I stir during mash a few times to make sure no pockets but after that I do not as it disturbs my nicely packed grain bed and causes the wort to come out cloudy with particles in it again.
 
I always vorlauf, take my first runnings, then add sparge water and stir like hell for a few minutes and repeat the vorlauf cycle to reset the grain bed before collecting the second runnings. It seems to help with my effiency numbers so i think you are correct when assuming that sugars could be left behin otherwise.
 
Hi guys - when I am sparging my mash I use a continuous sparge - I add 170F water on top of my grain bed and draw from the bottom of the grain bed at the same slow rate that I am adding my 170F water. My question is, should I stop intermittently and stir up the grain bed?

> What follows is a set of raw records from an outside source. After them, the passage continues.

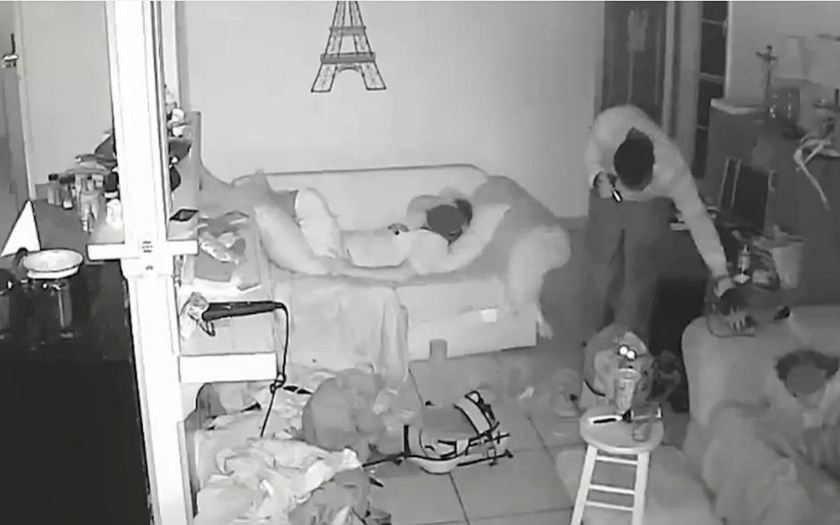 Video: Ozbrojený zloděj se vloupal do domu na Floridě, majitelé s dětmi klidně spali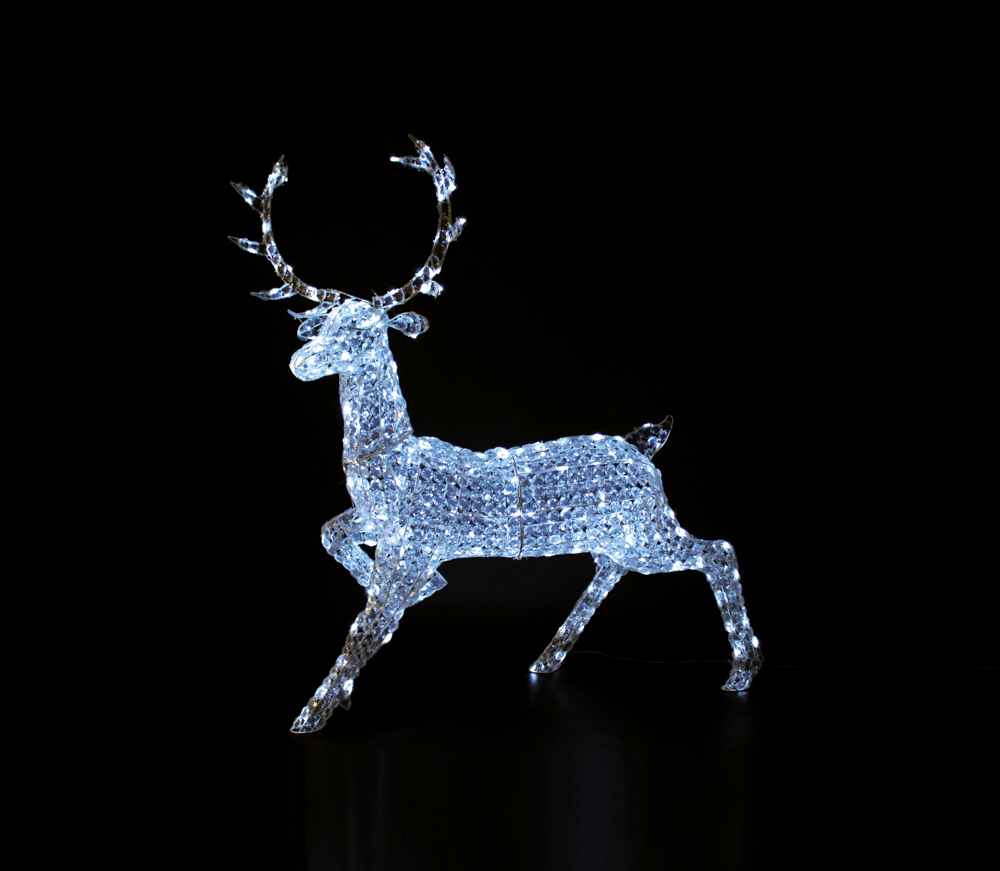 1.4M Crystal Reindeer With Bright White Leds Bonningtons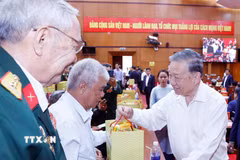 Tổng Bí thư Tô Lâm tặng quà cho đại diện gia đình chính sách, người có công. (Ảnh: Thống Nhất/TTXVN)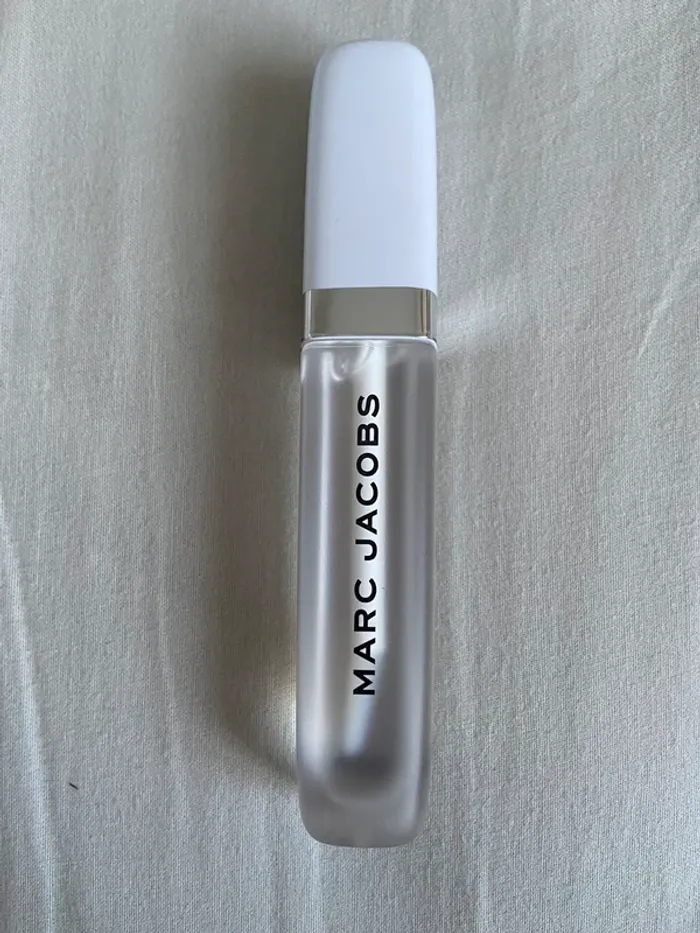 Huile hydratante lèvre marc jacobs neuf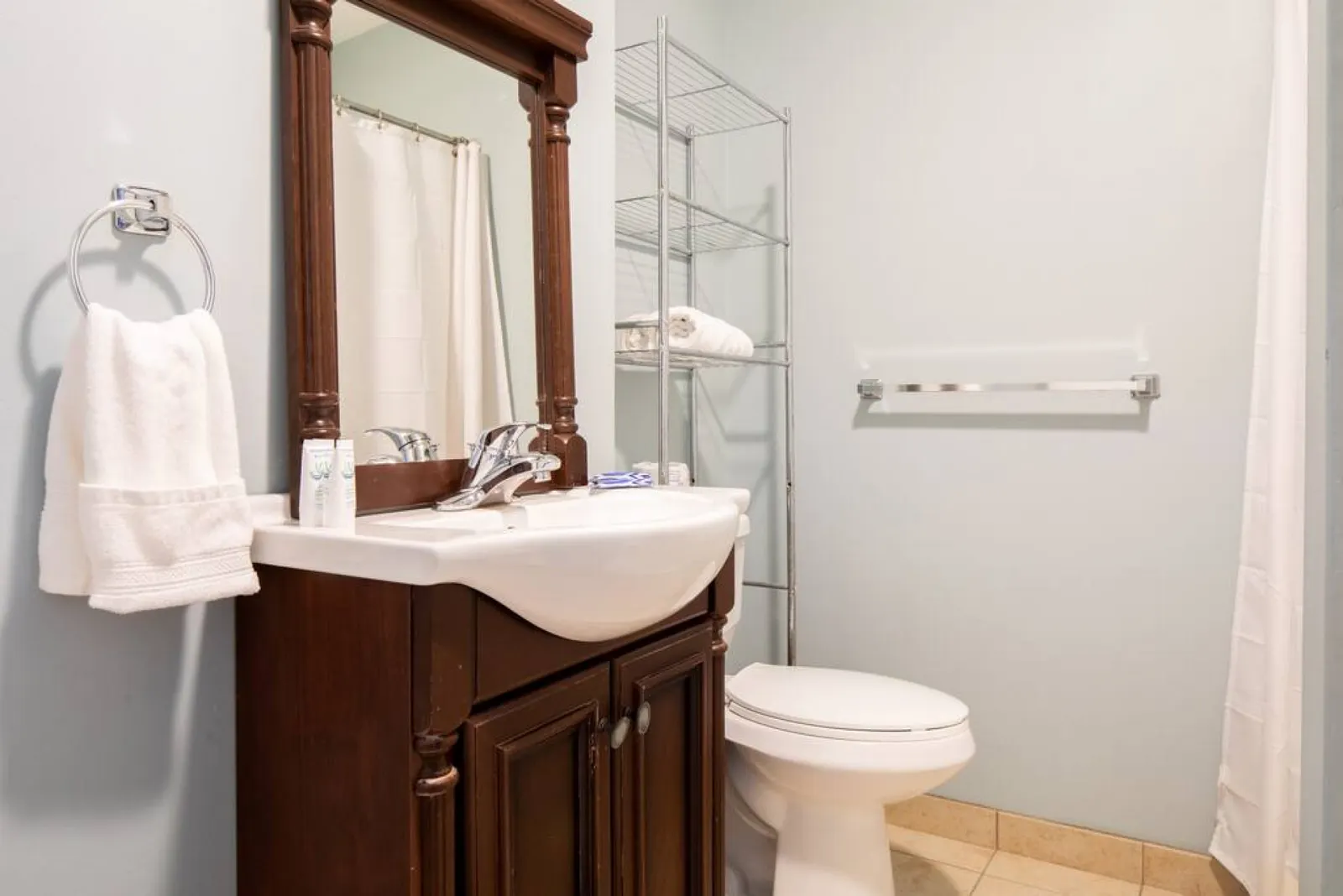 Large Ceilings | Centrally Located 4bed 2bath — photo 3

I have a feeling that I am not getting all of the sugars out of my wort due to my sparge water making channels through my grain bed thus leaving sections of the gain bed stagnant. This stagnant grain, in my opinion, is holding back a lot more sugar. If routine stirring is not the answer do you have any other advice?

Thanks,
Frenchtom

Sounds like you are fly sparging. In that case you do not stir once you begin to sparge. Try to keep a couple inches of water on top of the grain bed. Add the sparge water so it does not disturb the grain (I use a tin pie pan with holes). Sparge slower if you think you are not getting enough of the sugars.
 
Good point Bigcorona, I was referring to my method of choice and I batch sparge.
 
Try to keep a couple inches of water on top of the grain bed.

Assuming you have a well designed manifold, I think keeping the grain bed flooded is the most important thing when fly sparging. By keeping the grain bed flooded, it is harder to get channeling through the grain bed as all of the grain is in constant contact with sparge water. If you cannot maintain a couple of inches of water on the top, slow down the speed you are draining. Slow and steady is the key.

Trying to maintain the balance between how fast I was draining and how fast I was sparging was the reason why I switched to batch sparging. It was faster and easier to just dump in all of the sparge water, stir the grain, then drain a couple of minutes later. For me it was just as efficient, possibly because I made the switch before I really got good at fly sparging.